Transcribe the data exactly. Leave nothing out.

Caption-style text data:

^^^^^^^^^^^^^^^^

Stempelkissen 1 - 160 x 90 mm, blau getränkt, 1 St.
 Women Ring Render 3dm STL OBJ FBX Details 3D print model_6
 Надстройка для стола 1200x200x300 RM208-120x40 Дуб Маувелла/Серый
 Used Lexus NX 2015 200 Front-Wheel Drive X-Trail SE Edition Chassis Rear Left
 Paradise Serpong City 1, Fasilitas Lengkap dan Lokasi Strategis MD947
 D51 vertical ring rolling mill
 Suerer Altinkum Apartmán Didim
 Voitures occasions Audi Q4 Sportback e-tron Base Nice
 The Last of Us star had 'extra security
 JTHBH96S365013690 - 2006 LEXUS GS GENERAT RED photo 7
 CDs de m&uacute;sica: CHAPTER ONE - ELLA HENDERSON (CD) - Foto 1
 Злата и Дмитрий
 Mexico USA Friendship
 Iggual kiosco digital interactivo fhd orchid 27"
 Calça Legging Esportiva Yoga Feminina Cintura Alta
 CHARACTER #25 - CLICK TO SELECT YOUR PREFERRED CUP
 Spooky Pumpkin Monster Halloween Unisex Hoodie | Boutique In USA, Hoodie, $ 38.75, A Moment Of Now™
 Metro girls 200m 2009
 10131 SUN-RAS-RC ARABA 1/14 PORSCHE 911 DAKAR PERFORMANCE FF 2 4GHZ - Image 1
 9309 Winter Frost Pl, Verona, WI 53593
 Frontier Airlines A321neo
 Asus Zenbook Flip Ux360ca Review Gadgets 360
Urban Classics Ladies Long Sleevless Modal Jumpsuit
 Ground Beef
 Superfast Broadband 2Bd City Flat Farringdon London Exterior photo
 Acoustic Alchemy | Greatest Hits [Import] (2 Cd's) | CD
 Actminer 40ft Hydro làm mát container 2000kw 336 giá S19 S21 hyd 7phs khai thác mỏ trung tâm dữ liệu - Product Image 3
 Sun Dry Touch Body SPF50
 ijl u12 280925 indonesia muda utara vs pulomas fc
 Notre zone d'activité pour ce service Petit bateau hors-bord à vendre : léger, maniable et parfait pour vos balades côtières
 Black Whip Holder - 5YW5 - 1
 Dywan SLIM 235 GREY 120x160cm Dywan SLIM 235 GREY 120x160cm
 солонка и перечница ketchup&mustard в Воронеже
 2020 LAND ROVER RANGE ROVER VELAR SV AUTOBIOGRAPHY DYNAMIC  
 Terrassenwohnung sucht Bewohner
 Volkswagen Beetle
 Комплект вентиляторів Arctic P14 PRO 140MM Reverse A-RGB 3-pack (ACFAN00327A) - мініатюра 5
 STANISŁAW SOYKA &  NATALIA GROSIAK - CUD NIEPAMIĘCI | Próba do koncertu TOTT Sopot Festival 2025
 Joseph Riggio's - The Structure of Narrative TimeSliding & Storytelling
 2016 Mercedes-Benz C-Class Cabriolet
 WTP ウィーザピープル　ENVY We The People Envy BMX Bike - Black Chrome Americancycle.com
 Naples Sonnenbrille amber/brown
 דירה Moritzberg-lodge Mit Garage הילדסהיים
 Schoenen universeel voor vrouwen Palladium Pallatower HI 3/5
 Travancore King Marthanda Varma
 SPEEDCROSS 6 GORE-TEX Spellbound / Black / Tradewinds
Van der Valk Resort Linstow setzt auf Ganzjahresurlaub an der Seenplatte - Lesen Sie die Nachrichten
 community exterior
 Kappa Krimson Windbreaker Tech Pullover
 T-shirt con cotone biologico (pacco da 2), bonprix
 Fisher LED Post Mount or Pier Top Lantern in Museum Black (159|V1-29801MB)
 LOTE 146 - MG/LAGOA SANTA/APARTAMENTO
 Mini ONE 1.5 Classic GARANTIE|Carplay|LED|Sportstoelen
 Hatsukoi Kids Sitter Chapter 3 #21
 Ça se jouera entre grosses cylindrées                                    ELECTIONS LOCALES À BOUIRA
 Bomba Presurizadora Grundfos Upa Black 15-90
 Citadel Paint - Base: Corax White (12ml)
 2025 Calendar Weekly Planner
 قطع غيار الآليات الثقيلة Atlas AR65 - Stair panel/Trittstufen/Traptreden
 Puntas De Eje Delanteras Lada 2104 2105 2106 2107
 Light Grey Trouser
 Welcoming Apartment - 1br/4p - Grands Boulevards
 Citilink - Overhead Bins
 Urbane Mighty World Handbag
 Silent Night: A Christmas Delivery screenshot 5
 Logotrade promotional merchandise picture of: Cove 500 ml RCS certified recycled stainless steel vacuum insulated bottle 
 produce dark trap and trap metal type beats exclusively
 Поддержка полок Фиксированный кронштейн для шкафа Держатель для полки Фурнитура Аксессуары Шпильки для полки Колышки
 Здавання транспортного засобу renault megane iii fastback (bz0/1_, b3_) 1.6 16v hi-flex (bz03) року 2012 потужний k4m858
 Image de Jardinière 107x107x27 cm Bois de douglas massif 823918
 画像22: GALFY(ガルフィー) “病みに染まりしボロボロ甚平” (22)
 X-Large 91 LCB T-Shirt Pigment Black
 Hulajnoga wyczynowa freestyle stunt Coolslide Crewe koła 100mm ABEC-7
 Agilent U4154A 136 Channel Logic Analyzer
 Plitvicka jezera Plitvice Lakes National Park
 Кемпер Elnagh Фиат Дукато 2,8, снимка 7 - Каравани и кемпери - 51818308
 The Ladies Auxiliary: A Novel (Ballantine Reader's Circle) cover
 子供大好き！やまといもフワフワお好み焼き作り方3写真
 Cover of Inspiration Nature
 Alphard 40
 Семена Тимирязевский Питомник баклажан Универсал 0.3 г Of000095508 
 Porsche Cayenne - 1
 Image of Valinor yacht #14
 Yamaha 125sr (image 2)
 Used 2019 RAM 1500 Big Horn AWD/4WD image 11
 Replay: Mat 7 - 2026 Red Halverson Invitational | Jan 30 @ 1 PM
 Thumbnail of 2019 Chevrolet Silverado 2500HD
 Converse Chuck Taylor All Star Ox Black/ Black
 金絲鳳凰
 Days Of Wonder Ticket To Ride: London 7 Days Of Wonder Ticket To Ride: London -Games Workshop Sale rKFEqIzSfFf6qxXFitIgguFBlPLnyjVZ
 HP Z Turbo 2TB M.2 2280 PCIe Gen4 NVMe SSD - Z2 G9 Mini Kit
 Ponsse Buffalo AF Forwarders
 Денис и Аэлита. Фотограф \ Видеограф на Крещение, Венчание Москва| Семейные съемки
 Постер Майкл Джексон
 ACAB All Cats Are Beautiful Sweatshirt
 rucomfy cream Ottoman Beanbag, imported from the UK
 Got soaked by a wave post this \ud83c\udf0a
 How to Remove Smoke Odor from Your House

^^^^^^^^^^^^^^^^

* _ANSWER TO THIS EXERCISE_:
Stempelkissen 1 - 160 x 90 mm, blau getränkt, 1 St.
 Women Ring Render 3dm STL OBJ FBX Details 3D print model_6
 Надстройка для стола 1200x200x300 RM208-120x40 Дуб Маувелла/Серый
 Used Lexus NX 2015 200 Front-Wheel Drive X-Trail SE Edition Chassis Rear Left
 Paradise Serpong City 1, Fasilitas Lengkap dan Lokasi Strategis MD947
 D51 vertical ring rolling mill
 Suerer Altinkum Apartmán Didim
 Voitures occasions Audi Q4 Sportback e-tron Base Nice
 The Last of Us star had 'extra security
 JTHBH96S365013690 - 2006 LEXUS GS GENERAT RED photo 7
 CDs de m&uacute;sica: CHAPTER ONE - ELLA HENDERSON (CD) - Foto 1
 Злата и Дмитрий
 Mexico USA Friendship
 Iggual kiosco digital interactivo fhd orchid 27"
 Calça Legging Esportiva Yoga Feminina Cintura Alta
 CHARACTER #25 - CLICK TO SELECT YOUR PREFERRED CUP
 Spooky Pumpkin Monster Halloween Unisex Hoodie | Boutique In USA, Hoodie, $ 38.75, A Moment Of Now™
 Metro girls 200m 2009
 10131 SUN-RAS-RC ARABA 1/14 PORSCHE 911 DAKAR PERFORMANCE FF 2 4GHZ - Image 1
 9309 Winter Frost Pl, Verona, WI 53593
 Frontier Airlines A321neo
 Asus Zenbook Flip Ux360ca Review Gadgets 360
Urban Classics Ladies Long Sleevless Modal Jumpsuit
 Ground Beef
 Superfast Broadband 2Bd City Flat Farringdon London Exterior photo
 Acoustic Alchemy | Greatest Hits [Import] (2 Cd's) | CD
 Actminer 40ft Hydro làm mát container 2000kw 336 giá S19 S21 hyd 7phs khai thác mỏ trung tâm dữ liệu - Product Image 3
 Sun Dry Touch Body SPF50
 ijl u12 280925 indonesia muda utara vs pulomas fc
 Notre zone d'activité pour ce service Petit bateau hors-bord à vendre : léger, maniable et parfait pour vos balades côtières
 Black Whip Holder - 5YW5 - 1
 Dywan SLIM 235 GREY 120x160cm Dywan SLIM 235 GREY 120x160cm
 солонка и перечница ketchup&mustard в Воронеже
 2020 LAND ROVER RANGE ROVER VELAR SV AUTOBIOGRAPHY DYNAMIC  
 Terrassenwohnung sucht Bewohner
 Volkswagen Beetle
 Комплект вентиляторів Arctic P14 PRO 140MM Reverse A-RGB 3-pack (ACFAN00327A) - мініатюра 5
 STANISŁAW SOYKA &  NATALIA GROSIAK - CUD NIEPAMIĘCI | Próba do koncertu TOTT Sopot Festival 2025
 Joseph Riggio's - The Structure of Narrative TimeSliding & Storytelling
 2016 Mercedes-Benz C-Class Cabriolet
 WTP ウィーザピープル　ENVY We The People Envy BMX Bike - Black Chrome Americancycle.com
 Naples Sonnenbrille amber/brown
 דירה Moritzberg-lodge Mit Garage הילדסהיים
 Schoenen universeel voor vrouwen Palladium Pallatower HI 3/5
 Travancore King Marthanda Varma
 SPEEDCROSS 6 GORE-TEX Spellbound / Black / Tradewinds
Van der Valk Resort Linstow setzt auf Ganzjahresurlaub an der Seenplatte - Lesen Sie die Nachrichten
 community exterior
 Kappa Krimson Windbreaker Tech Pullover
 T-shirt con cotone biologico (pacco da 2), bonprix
 Fisher LED Post Mount or Pier Top Lantern in Museum Black (159|V1-29801MB)
 LOTE 146 - MG/LAGOA SANTA/APARTAMENTO
 Mini ONE 1.5 Classic GARANTIE|Carplay|LED|Sportstoelen
 Hatsukoi Kids Sitter Chapter 3 #21
 Ça se jouera entre grosses cylindrées                                    ELECTIONS LOCALES À BOUIRA
 Bomba Presurizadora Grundfos Upa Black 15-90
 Citadel Paint - Base: Corax White (12ml)
 2025 Calendar Weekly Planner
 قطع غيار الآليات الثقيلة Atlas AR65 - Stair panel/Trittstufen/Traptreden
 Puntas De Eje Delanteras Lada 2104 2105 2106 2107
 Light Grey Trouser
 Welcoming Apartment - 1br/4p - Grands Boulevards
 Citilink - Overhead Bins
 Urbane Mighty World Handbag
 Silent Night: A Christmas Delivery screenshot 5
 Logotrade promotional merchandise picture of: Cove 500 ml RCS certified recycled stainless steel vacuum insulated bottle 
 produce dark trap and trap metal type beats exclusively
 Поддержка полок Фиксированный кронштейн для шкафа Держатель для полки Фурнитура Аксессуары Шпильки для полки Колышки
 Здавання транспортного засобу renault megane iii fastback (bz0/1_, b3_) 1.6 16v hi-flex (bz03) року 2012 потужний k4m858
 Image de Jardinière 107x107x27 cm Bois de douglas massif 823918
 画像22: GALFY(ガルフィー) “病みに染まりしボロボロ甚平” (22)
 X-Large 91 LCB T-Shirt Pigment Black
 Hulajnoga wyczynowa freestyle stunt Coolslide Crewe koła 100mm ABEC-7
 Agilent U4154A 136 Channel Logic Analyzer
 Plitvicka jezera Plitvice Lakes National Park
 Кемпер Elnagh Фиат Дукато 2,8, снимка 7 - Каравани и кемпери - 51818308
 The Ladies Auxiliary: A Novel (Ballantine Reader's Circle) cover
 子供大好き！やまといもフワフワお好み焼き作り方3写真
 Cover of Inspiration Nature
 Alphard 40
 Семена Тимирязевский Питомник баклажан Универсал 0.3 г Of000095508 
 Porsche Cayenne - 1
 Image of Valinor yacht #14
 Yamaha 125sr (image 2)
 Used 2019 RAM 1500 Big Horn AWD/4WD image 11
 Replay: Mat 7 - 2026 Red Halverson Invitational | Jan 30 @ 1 PM
 Thumbnail of 2019 Chevrolet Silverado 2500HD
 Converse Chuck Taylor All Star Ox Black/ Black
 金絲鳳凰
 Days Of Wonder Ticket To Ride: London 7 Days Of Wonder Ticket To Ride: London -Games Workshop Sale rKFEqIzSfFf6qxXFitIgguFBlPLnyjVZ
 HP Z Turbo 2TB M.2 2280 PCIe Gen4 NVMe SSD - Z2 G9 Mini Kit
 Ponsse Buffalo AF Forwarders
 Денис и Аэлита. Фотограф \ Видеограф на Крещение, Венчание Москва| Семейные съемки
 Постер Майкл Джексон
 ACAB All Cats Are Beautiful Sweatshirt
 rucomfy cream Ottoman Beanbag, imported from the UK
 Got soaked by a wave post this \ud83c\udf0a
 How to Remove Smoke Odor from Your House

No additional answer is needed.